Die Hamas hatte im Januar 2006 die demokratischen Wahlen haushoch gewonnen und die von Jasser Arafat gegründete Fatah­-Partei geschlagen. Dies gelang ihr aufgrund des palästinensischen Wahlsystems: Nicht die Gesamtzahl der Wählerstimmen entscheidet. Sondern jener einzelne Kandidat gewinnt den Wahlkreis, der die meisten Stimmen auf sich vereinigt. Wohldiszipliniert stellte die Hamas jeweils nur einen Kandidaten auf, während die zerstrittene Fatah Dutzende ins Rennen schickte. Obgleich die Fatah-Partei die meisten Wählerstimmen auf sich vereinigen konnte, räumten Hamas-Anhänger die meisten Wahlkreise ab und stellten so eine Mehrheit im palästinensischen Parlament.

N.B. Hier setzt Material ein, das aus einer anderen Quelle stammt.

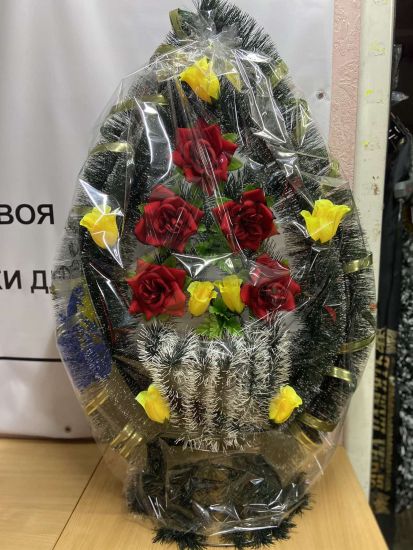 Ритуальні товари Корзина 181 105-60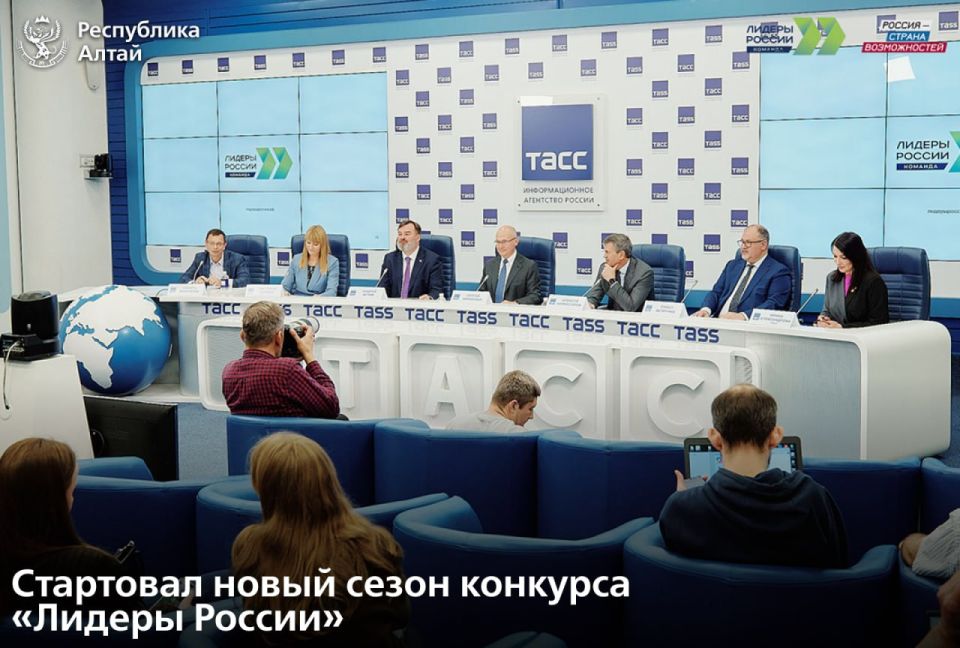 Стартовал прием заявок на шестой сезон конкурса управленцев «Лидеры России» – флагманского проекта Президентской платформы «Россия – страна возможностей»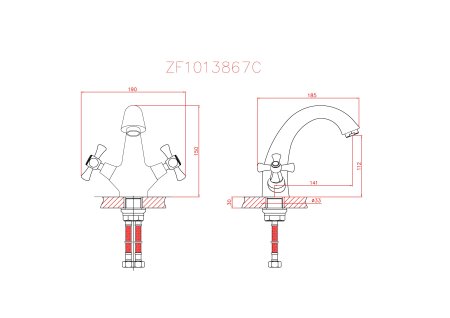 Смеситель для раковины HAIBA CRON CN1042 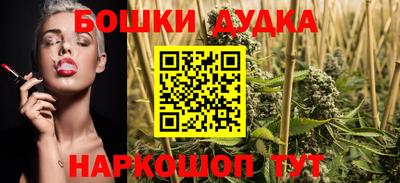 MDMA Premium VHQ Конаково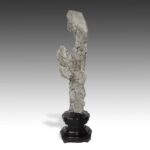 Nepalese Bridge Watcher / Guardian Figure, Nepal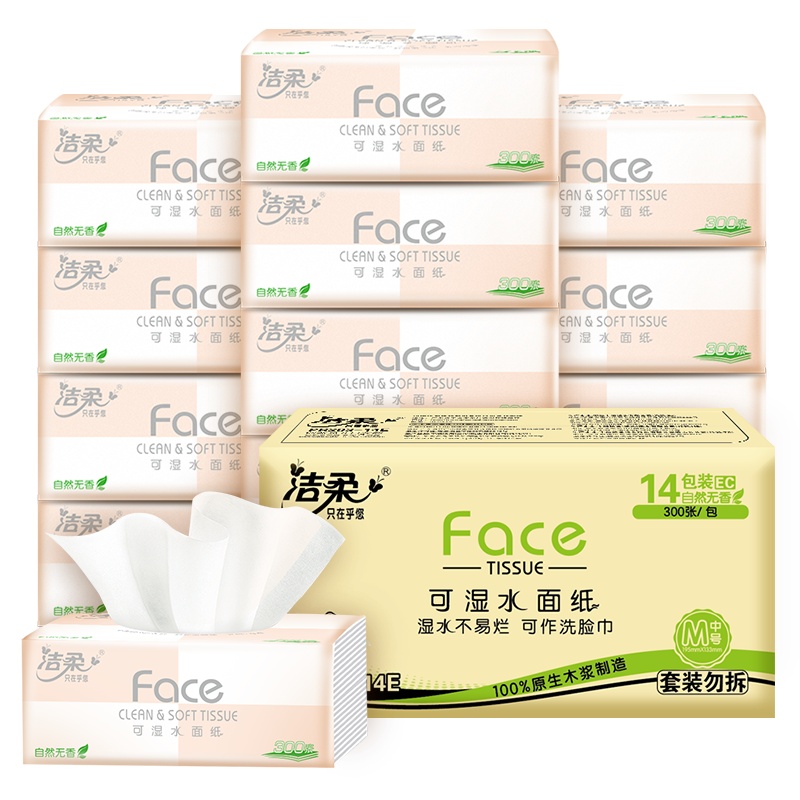 洁柔抽纸 粉Face系列 三层100抽*14包 面巾纸 餐巾纸 擦手纸整箱销售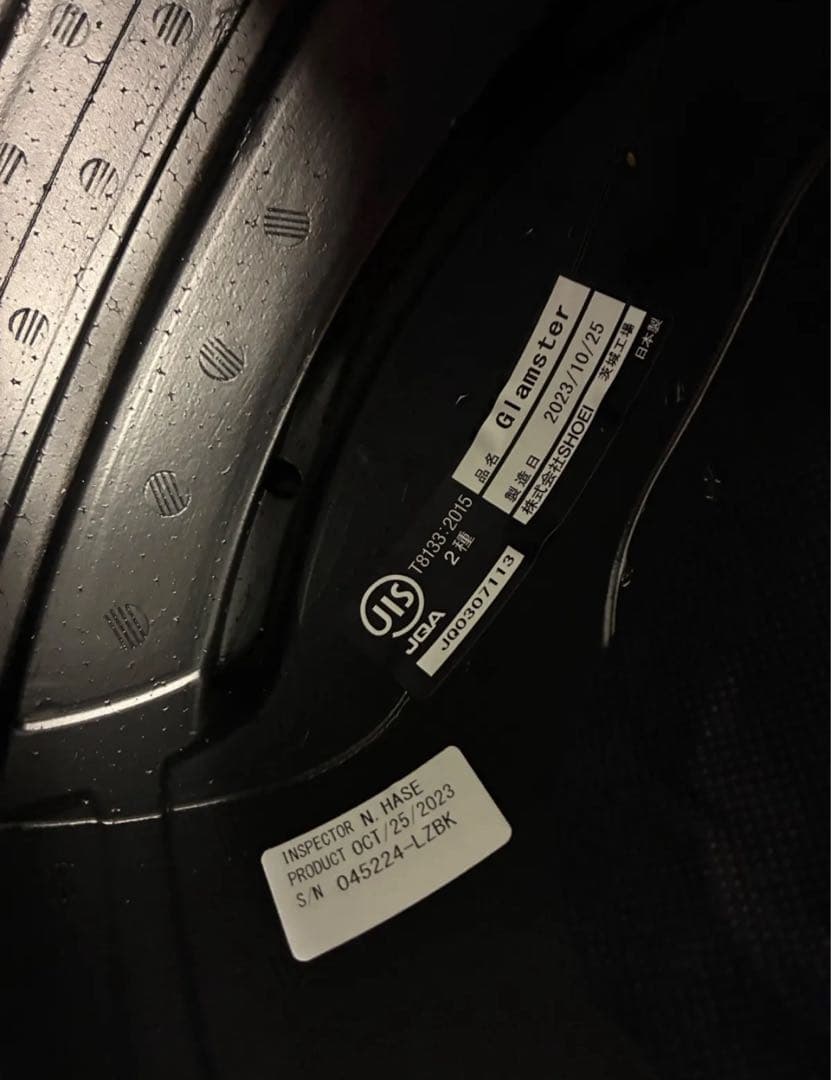 10h50 SHOEI Glamster Mサイズ フルフェイス ヘルメット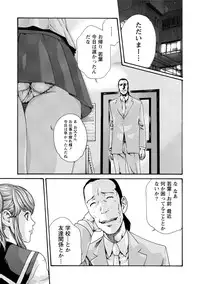 [Haruki] Ikitsuke! Vol.2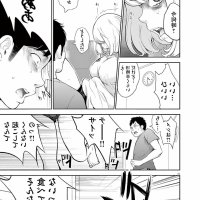 gaishu isshoku manga raw scan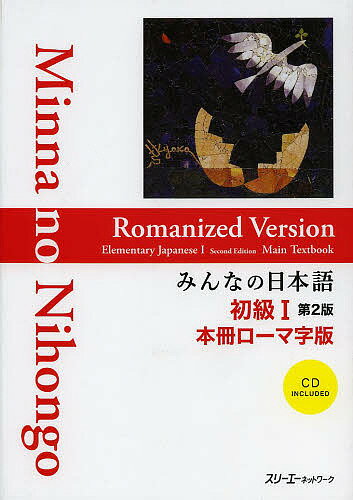 【送料無料】みんなの日本語初級1本冊ローマ字版／スリーエーネットワーク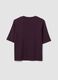 &Mu;&omega;&beta; T-shirt &sigma;&epsilon; boxy fit &alpha;&pi;ό &mu;&epsilon;ί&gamma;&mu;&alpha; &beta;&alpha;&mu;&beta;&alpha;&kappa;&iota;&omicron;ύ &kappa;&alpha;&iota; &beta;&iota;&sigma;&kappa;ό&zeta;&eta;&sigmaf;_1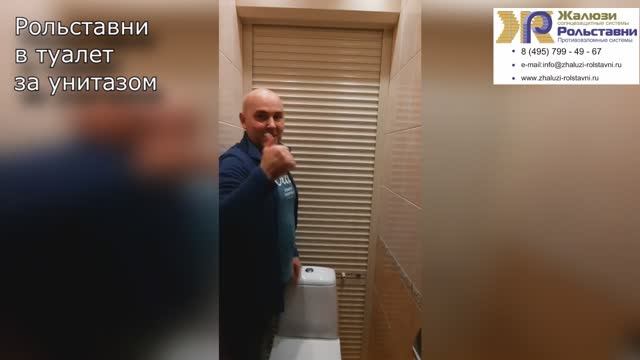 Рольставни в туалет за унитазом...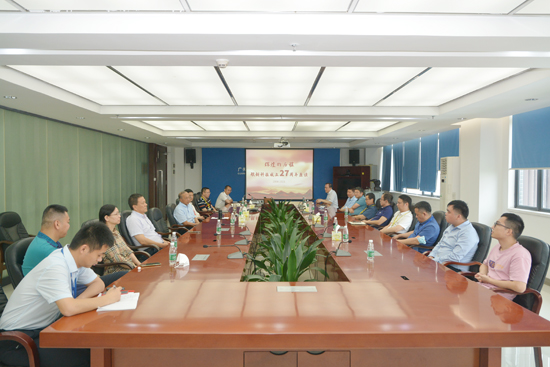 腾博会官网 - 诚信为本,专业服务!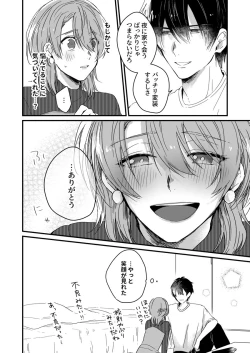 Page 51 of 朝までずっとキスして、奥まで～体操のお兄さんはベッドの上では肉食獣～ 第1-2話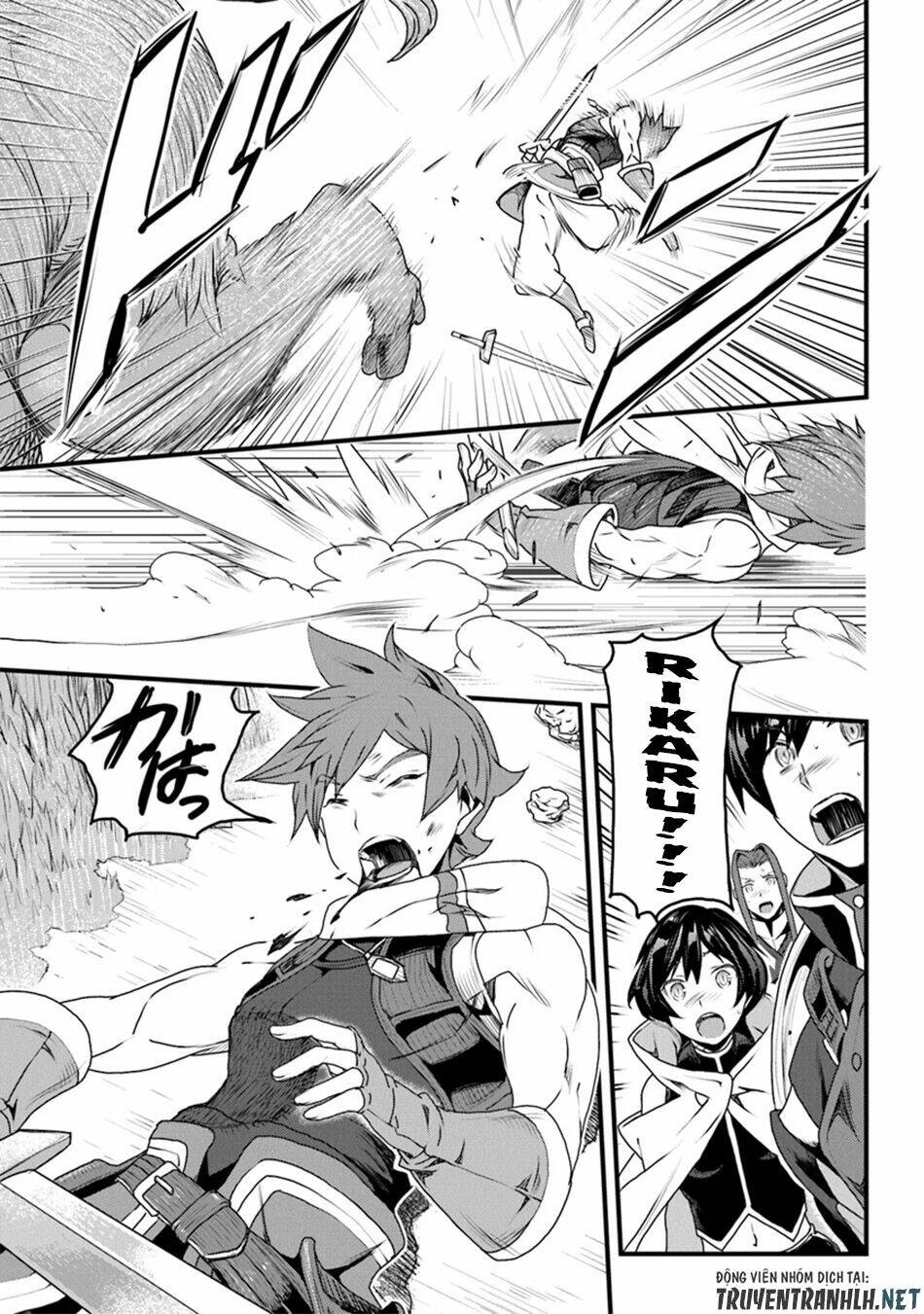 yakudatazu skill ni jinsei o sosogikomi 25-nen, imasara saikyou no boukentan midori kashi no akira chapter 9 15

Dieses wurde daraufhin vom palästinensischen Präsidenten Mahmud Abbas aufgelöst und ist seitdem nicht mehr zusammengetreten. Statt mit Gesetzen regiert Abbas mit Dekreten.

Seit einer gefühlten Ewigkeit herrscht die Fatah-Partei über die Palästinenser. Sie konnte oder wollte ihre Niederlage 2006 nicht eingestehen. Also weigerte man sich in Ramallah, der Hamas die Schlüsselposten zur Macht zu übergeben: Geheimdienst, Polizei, Waffen, Gefängnisse, und Kontrolle über die Gelder. Die Fäden zieht bis heute der Erbe Arafats: Mahmud Abbas.

Seit dem „Putsch“ wütet nun die Hamas im Gazastreifen mit einer brutalen Gewaltherrschaft. Fatah-Anhänger wurden von Hochhäusern geworfen, ins Gefängnis gesteckt, erschossen oder vertrieben. Die Anführer der Hamas bereichern sich dank Korruption, ähnlich wie die Herrscher im Westjordanland. Die humanitären Katastrophen im Gazastreifen sind von der Hamas weitgehend selbst verschuldet.

Wasserprobleme

Der Wassermangel hängt mit einer Versalzung des unterirdischen Süßwasser-Sees zusammen, auf dem der Küstenstreifen „schwimmt“. Das Grundwasser wird im Winter durch Regen aufgefüllt. Solange die Israelis im Gazastreifen herrschten (bis 2005), gab es scharfe Kontrollen. Niemand durfte das nur wenige Meter unter der Erdoberfläche stehende Wasser privat abpumpen. Der Abzug der Israelis wurde von den Palästinensern als „Befreiungsschlag“ aufgefasst. Viele erwarben Pumpen und besorgten sich ihr Trinkwasser „kostenlos“. Die Natur rächte sich. Salziges Meereswasser floss nach und machte alles Trinkwasser ungenießbar.

Die Hamas bezichtigte gleichwohl Israel, weil es während der Kriege 2009 und 2014 die Infrastruktur zerstört habe. Das stimmt teilweise. Doch verschweigt die Hamas, dass sie Kläranlagen, Pump-Anlagen und sogar UNO-Schulen als Abschussrampen für den Raketenbeschuss Israels benutzt hat. Laut Völkerrecht verlieren Hospitäler ihren „geschützten Status“, sobald sie als Militärstellungen missbraucht werden.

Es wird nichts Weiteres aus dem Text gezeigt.